Page MenuHomePhabricator

Enable querying operational (prometheus) metrics via the WMF Data Platform
Open, Needs TriagePublic

Description

mw.track 'stats.' topic prefix is a MediaWiki JavaScript API that is used to submit operational metrics from browsers to Prometheus, via a Puppet managed varnish Kafka producer called statsv.

Product teams often choose to emit product related metrics via mw.track and statsv to take advantage of WMF's only supported publicly available dashboarding tool: Grafana. This metric data is stored in Prometheus, where it can also be used for automated alerting.

When teams to this, the data they emit is not available along side of all the 800+ datasets in the WMF Data Lake.
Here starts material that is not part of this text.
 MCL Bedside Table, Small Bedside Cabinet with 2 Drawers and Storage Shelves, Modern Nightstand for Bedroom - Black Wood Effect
If we were able to query operational metrics via the WMF Data Platfrom, they would be available for joining with other data lake hosted datasets, and for building dashboards in Superset.

Use Cases

for Product Analytics it would be really helpful if the data was available in data lake and could be accessed/reported with Superset (which we know how to use).
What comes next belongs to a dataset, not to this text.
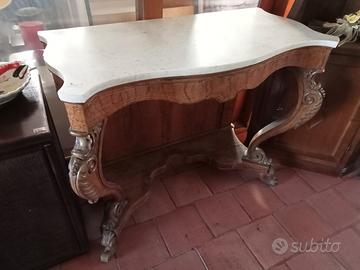 Consolle Luigi Filippo legno noce e marmo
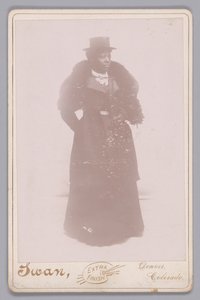 一个戴着高帽和毛皮围巾的身份不明的女人的内阁卡，约1895年。 作者 Justus C. Swan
For various reasons, Web team decided to use statsv for instrumenting their small-scale experiments and thus ended up being a Grafana dashboard for the analyst to use (since we have no expertise on the team with that platform) – ref. T374965#10180679

Possible solutions

Option 1: Produce OpenMetric/Prometheus compatible events via mw.track

As originally proposed at {T355837#10230113}, statsv.py was suggested to use the OpenMetric event as the canonical data, and then produce metrics to Prometheus. This is still an option, but in subsequent comments there were reasons this was not desirable.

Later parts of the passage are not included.